Your father and I got the official news on June 20th, 2005. You certainly surprised us...
Rolling around to late 2005, your arrival was drawing nearer and nearer. Everyone kept telling me that once you were here, I would no longer have a life of my own. They were wrong, yet oh so right at the same time. I can still go out and do things, but you own my life. My heart is within you, walking around outside my body. I never knew how complete you would make me feel.
Daddy was away a lot after you were first born, and we stuck together through it. It was you and I for some time, and we developed a bond that I don't think could ever be broken. You're my little Gorgeous (regardless of how much grandma hates that nickname), and my sidekick.
You look like your father, but there is so much of me wrapped up in you. Your personality is almost a perfect reflection of mine, all the way down to the smart-ass remarks. I recall how much it annoyed my grandma when she was raising me, so I at least know what I'm getting into as you get older. ;)
And you're such a little love... You're almost four, and you still give random hugs and kisses for no reason. You love to cuddle with Daddy and I, and you're so affectionate. You can't go to bed without a lot of hugs and kisses, or let us drop you off at daycare without the same. When I put you to bed and sit next to you stroking your face and hair, I can feel that absolute love and trust that you have in me.
And baby boy, I promise to do everything in my power to keep earning that every day.
There are times when we're watching a movie, and you'll reach over and stroke my hair or my arm, or you'll simply put your hand in mine. I just want to hug you to me and hold you forever.
And the times you tell me you love me without me telling you first make my heart fly.

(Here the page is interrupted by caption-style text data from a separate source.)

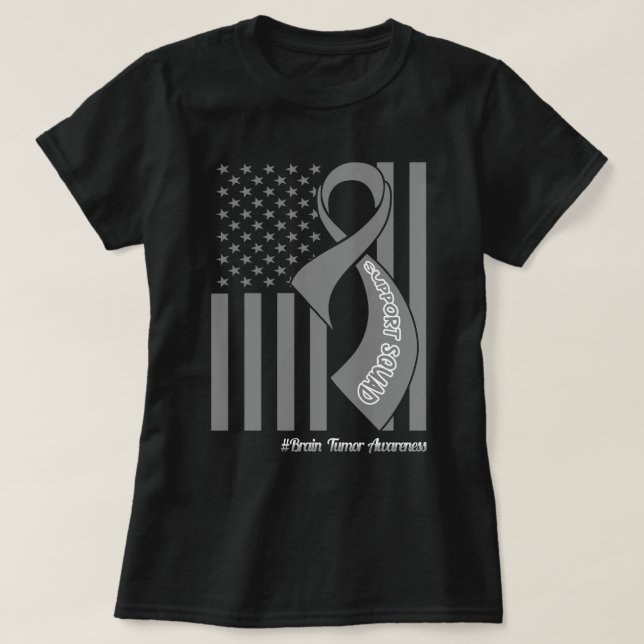 Support Squad Brain Tumor US Flagga Grått Ribbon T Shirt (Design framsida)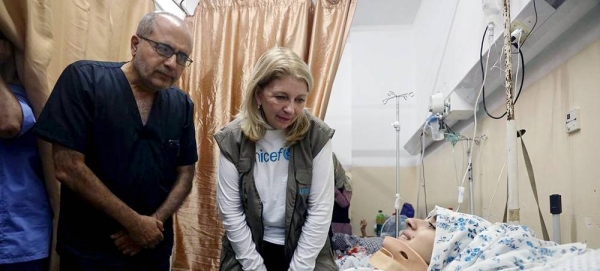 UNICEF Executive Director Catherine Russell visits Nasser Hospital in Khan Yunis, Gaza, where she met with patients and displaced families seeking shelter and safety, — courtesy UNICEF/UNI470988/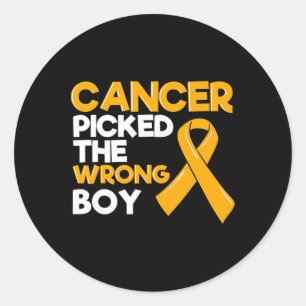 Pegatina Redonda Cinta Del Niño Con Cáncer Tumor Pediatra Niño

There are times when you'll wake up early from your nap and we'll lay on the couch, you sprawled out on top of me with your head resting atop my heart... And you'll fall asleep listening to Mama's heartbeat. If I could bottle up those sweet baby breaths to cherish later, when you get older and you're too cool for your Mama, I would. I hope that you'll never stop your random hugs, even if you do have to wait until no one else is around.

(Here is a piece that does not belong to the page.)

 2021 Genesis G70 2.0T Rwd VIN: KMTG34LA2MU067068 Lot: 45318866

I hope I'll be a great Mama to you in years to come, because you've been the best son I could have ever thought to ask for. I will always love you no matter what the future holds. As Daddy always describes his relationship with his mama, there are unbreakable golden chains binding us.
And when you get older, get married, and have your own babies, know that when I hold my first grandchild I'll close my eyes and remember your sweet baby breaths on my neck as you slept.

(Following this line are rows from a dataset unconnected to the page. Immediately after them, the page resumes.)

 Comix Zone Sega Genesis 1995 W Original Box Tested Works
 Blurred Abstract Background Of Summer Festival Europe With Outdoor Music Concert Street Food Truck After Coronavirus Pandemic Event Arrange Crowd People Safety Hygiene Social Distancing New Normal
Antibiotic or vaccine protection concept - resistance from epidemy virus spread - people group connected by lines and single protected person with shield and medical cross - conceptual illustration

Know that every time I look at you, I have no doubt that every moment of morning sickness, every second of labor, every sleepless night, every spit-up-on shirt, was worth it. I would do it all over again in a heartbeat. Know that when and if you ever get a baby brother or sister, you'll always have a special place in my heart as my firstborn. Daddy and I have had some hard times, and your love for the both of us helped us to remember the love we had for one another. You've made us all stronger in our love, and you're completely irresistible.
To put it in so many and so few words, I love you baby boy... I always will.